§ **WHAT THE TASK ASKS**
Both ends included, set down the lines from the line containing "عرض ومراجعة لكتاب" through the last line of the records below, without pictures.

§ **TASK INPUT**
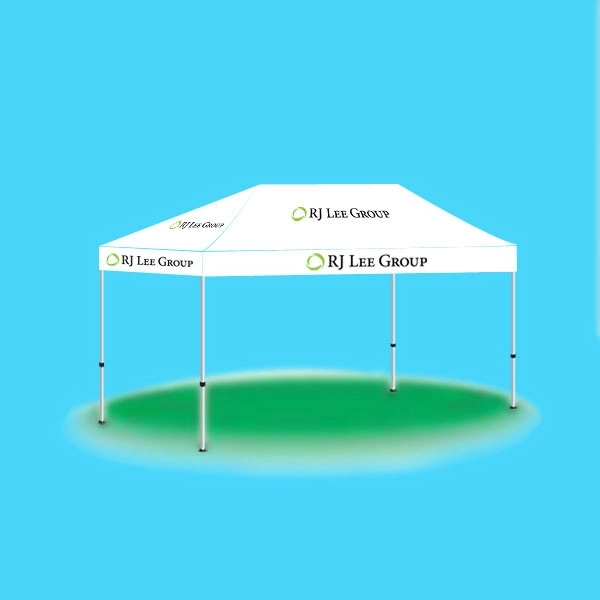 10' x 15' custom pop-up printed tent/canopy with 2 color imprinting.... from ASI 30442 Above & Beyond Advertising Products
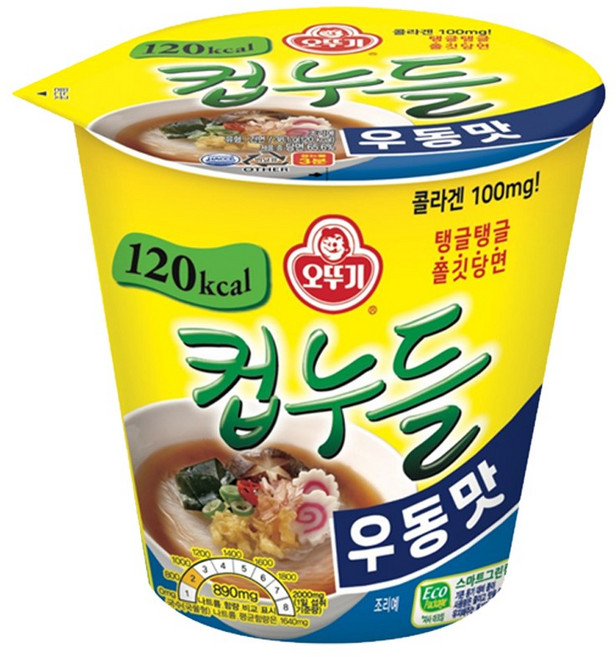 오뚜기 컵누들 우동맛 컵라면, 22개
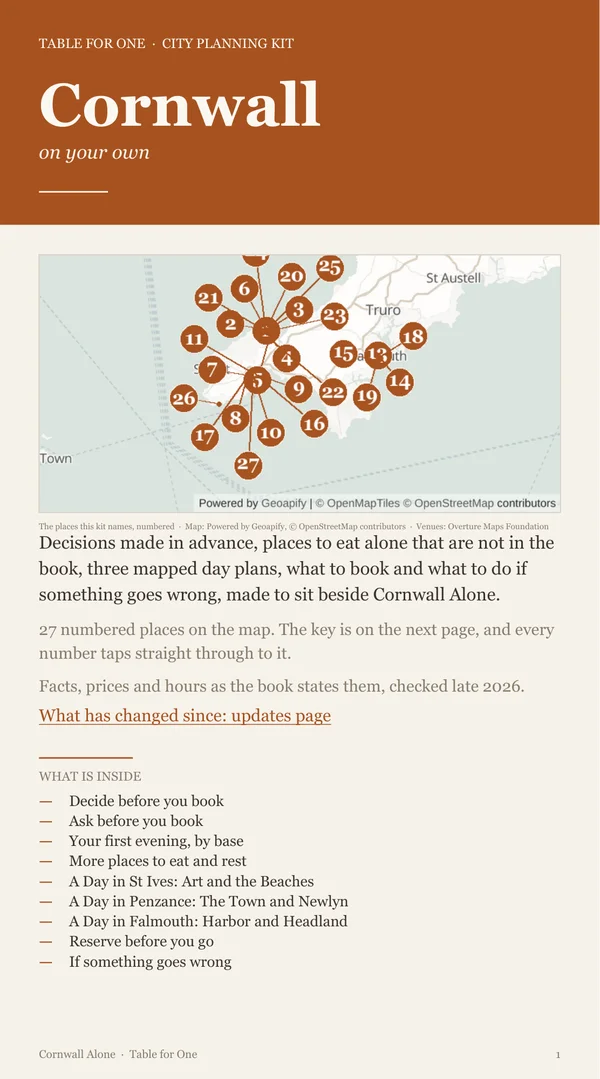 Cornwall Planning Kit cover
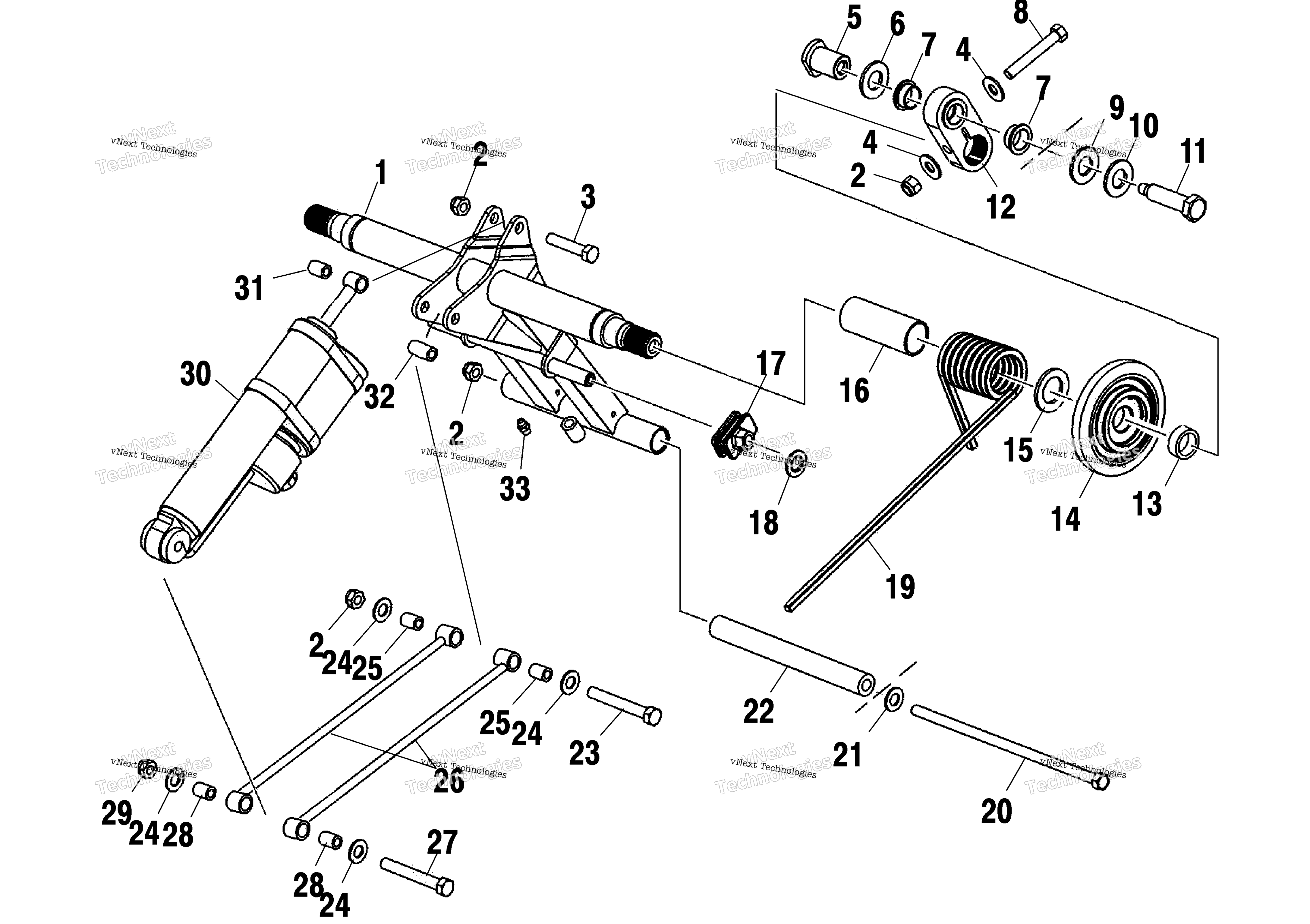 задний Torque Arm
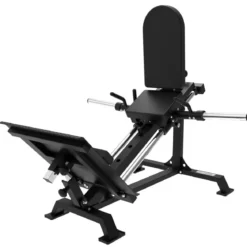 Presse à Jambes Debout, Hack Squat et Élévations des Mollets Professionnel - 3 en 1 Elite Series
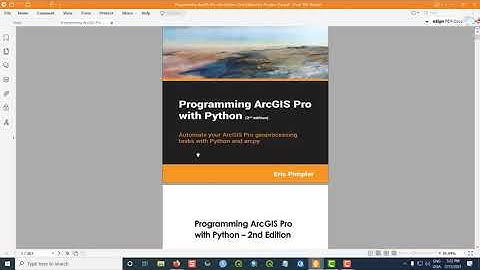 عرض ومراجعة لكتاب البرمجة بلغة البايثون داخل برنامج ArcGIS Pro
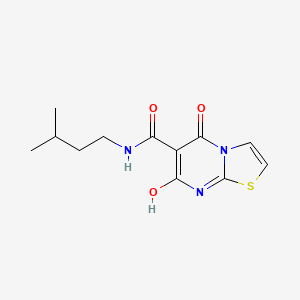 molecular formula C12H15N3O3S B2692399 7-hydroxy-N-isopentyl-5-oxo-5H-thiazolo[3,2-a]pyrimidine-6-carboxamide CAS No. 898431-52-2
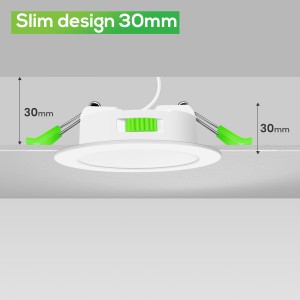 Downlight Regulable CCT 4W Negro Ø55-68mm-4W-110°
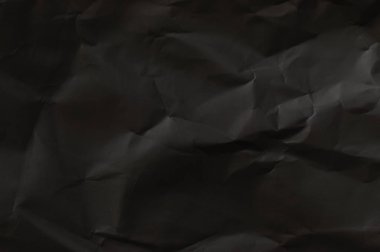 Siyah kağıt buruşuk doku arka plan, yaratıcı tasarım şablonları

§ **ANSWER SECTION**
 عرض ومراجعة لكتاب البرمجة بلغة البايثون داخل برنامج ArcGIS Pro
 molecular formula C12H15N3O3S B2692399 7-hydroxy-N-isopentyl-5-oxo-5H-thiazolo[3,2-a]pyrimidine-6-carboxamide CAS No. 898431-52-2
 Downlight Regulable CCT 4W Negro Ø55-68mm-4W-110°
 Siyah kağıt buruşuk doku arka plan, yaratıcı tasarım şablonları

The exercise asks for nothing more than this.